CCI-MOC / ops-issues

2 stars 0 forks source link

Evaluate if our current hardware can support AMD GPUs #1344

Open msdisme opened 3 weeks ago

msdisme commented 3 weeks ago

AMD is planning to initially provide mi100s. https://www.amd.com/en/products/accelerators/instinct/mi100.html

hakasapl commented 2 weeks ago

The mi100s support both PCIe 3.0 and 4.0. Question for AMD (Will @hpdempsey relay this?): "will we lose performance if we run this card off a PCIe 3.0 bus"?
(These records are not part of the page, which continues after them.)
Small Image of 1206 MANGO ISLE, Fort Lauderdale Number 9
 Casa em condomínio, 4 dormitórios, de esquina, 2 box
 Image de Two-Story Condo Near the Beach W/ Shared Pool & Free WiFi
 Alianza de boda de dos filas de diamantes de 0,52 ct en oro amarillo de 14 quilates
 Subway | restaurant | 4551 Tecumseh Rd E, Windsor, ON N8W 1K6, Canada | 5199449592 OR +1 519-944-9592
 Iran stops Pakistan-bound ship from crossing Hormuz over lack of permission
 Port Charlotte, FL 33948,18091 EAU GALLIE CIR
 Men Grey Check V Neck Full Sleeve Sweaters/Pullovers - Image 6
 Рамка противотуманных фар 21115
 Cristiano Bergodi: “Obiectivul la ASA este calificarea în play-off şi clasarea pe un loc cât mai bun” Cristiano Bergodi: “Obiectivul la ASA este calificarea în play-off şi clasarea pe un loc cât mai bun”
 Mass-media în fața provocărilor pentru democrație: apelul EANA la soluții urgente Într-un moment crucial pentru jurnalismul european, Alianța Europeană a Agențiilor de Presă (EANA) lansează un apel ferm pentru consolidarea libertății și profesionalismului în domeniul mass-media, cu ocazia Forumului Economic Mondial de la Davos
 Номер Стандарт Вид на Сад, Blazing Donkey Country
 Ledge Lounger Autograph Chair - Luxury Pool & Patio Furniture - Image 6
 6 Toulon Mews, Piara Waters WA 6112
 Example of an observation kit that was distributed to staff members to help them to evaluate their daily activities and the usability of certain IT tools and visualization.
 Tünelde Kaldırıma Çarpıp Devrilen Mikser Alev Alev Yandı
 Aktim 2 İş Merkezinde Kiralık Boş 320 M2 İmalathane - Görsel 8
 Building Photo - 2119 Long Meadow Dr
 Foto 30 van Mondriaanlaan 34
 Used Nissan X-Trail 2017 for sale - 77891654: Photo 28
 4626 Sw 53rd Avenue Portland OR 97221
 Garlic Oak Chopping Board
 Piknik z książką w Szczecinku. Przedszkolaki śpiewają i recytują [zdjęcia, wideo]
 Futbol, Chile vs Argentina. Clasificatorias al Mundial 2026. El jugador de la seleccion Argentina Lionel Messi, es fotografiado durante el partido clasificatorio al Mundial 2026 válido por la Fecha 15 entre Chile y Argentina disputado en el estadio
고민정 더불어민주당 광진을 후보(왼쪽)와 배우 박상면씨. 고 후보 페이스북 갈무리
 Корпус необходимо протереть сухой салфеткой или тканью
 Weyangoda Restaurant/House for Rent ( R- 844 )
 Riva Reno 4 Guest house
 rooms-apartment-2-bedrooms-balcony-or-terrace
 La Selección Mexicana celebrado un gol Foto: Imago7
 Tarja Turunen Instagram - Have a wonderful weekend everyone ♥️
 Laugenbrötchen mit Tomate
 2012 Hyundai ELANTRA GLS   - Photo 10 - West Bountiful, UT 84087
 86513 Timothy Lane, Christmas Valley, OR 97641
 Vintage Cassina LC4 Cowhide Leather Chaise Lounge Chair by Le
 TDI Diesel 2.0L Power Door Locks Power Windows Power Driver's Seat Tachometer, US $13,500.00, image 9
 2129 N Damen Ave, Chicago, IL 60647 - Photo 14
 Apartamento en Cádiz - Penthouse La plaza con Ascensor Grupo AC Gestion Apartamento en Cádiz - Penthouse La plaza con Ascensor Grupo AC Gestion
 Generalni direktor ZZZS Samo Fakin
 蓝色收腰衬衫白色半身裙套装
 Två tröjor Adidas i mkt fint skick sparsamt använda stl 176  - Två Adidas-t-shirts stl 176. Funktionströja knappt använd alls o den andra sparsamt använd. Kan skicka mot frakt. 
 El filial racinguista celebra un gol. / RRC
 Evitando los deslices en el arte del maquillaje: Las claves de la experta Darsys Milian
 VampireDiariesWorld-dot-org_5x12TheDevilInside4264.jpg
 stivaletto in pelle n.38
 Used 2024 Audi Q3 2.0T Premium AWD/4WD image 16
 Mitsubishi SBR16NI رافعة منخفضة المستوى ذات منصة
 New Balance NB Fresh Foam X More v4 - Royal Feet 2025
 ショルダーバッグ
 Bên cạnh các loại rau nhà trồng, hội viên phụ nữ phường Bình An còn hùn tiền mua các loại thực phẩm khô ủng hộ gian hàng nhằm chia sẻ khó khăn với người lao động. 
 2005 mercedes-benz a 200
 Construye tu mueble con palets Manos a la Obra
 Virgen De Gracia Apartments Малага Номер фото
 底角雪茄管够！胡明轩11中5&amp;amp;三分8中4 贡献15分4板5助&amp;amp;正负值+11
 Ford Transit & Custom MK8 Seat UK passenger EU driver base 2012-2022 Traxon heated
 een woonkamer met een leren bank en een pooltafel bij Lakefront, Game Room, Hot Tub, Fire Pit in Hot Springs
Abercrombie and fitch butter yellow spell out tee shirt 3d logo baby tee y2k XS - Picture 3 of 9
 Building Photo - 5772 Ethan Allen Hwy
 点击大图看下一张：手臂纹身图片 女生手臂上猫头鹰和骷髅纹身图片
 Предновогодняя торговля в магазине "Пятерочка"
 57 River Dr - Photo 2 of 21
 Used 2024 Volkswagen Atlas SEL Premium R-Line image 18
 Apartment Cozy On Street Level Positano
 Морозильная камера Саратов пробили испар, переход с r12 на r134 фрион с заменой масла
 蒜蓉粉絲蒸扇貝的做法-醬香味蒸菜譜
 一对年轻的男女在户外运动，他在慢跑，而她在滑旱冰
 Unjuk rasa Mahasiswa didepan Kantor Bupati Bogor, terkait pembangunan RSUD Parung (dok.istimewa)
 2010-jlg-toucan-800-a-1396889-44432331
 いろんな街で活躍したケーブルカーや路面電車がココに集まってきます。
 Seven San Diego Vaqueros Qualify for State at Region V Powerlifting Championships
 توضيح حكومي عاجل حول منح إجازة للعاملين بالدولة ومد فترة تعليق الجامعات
We don't have anything that can run this on a 4.0 bus. If it's okay to stick to a 3.0 bus my recommendation is to:

  1. Decommission half of the V100 nodes in NERC openstack, take the V100 GPUs out of the decommissioned nodes and install them in the remaining V100 nodes (those are Dell R740s that can support 2 GPUs each). That leaves the same amount of V100s in NERC openstack but half the nodes (which is also more space-efficient, as a single GPU per 2U is really not space-efficient at all).
  2. Add the new AMD cards to the now empty R740s and add them into NERC openshift (2 per node)

If we'd prefer to run these at 4.0 speeds, we'd need to buy something new. I recommend something along the lines of Dell R760 (the last quote I got for one of these was $12k each), which can run 3 GPUs simultaneously on 4.0 bus. Or we can check with FLAX what whitebox solutions they have, which is probably a lot cheaper.

msdisme commented 2 weeks ago

For our purposes the 3.0 is fine. Can they handle 2 per system (300 watts peak for each card)?

@hpdempsey any reason not to double them up?

msdisme commented 2 weeks ago

@hakasapl I am not 100% sure how many cards we are getting yet, but I think it is 4 or 8.

  1. Is my read of the 16 v100 node correct?
  2. Any problems with heat/power for the rack if we increase the amount of power draw on those 740's?
hakasapl commented 2 weeks ago

@msdisme I think there are 19 R740xds in that rack (each with 1 V100). I don't see any issues with doubling up on the GPUs. There are several air cooled racks with even higher GPU density in the facility already.

hpdempsey commented 2 weeks ago

Are the v100s in OpenStack currently being used by anyone? (asking because of downtime impact on charging).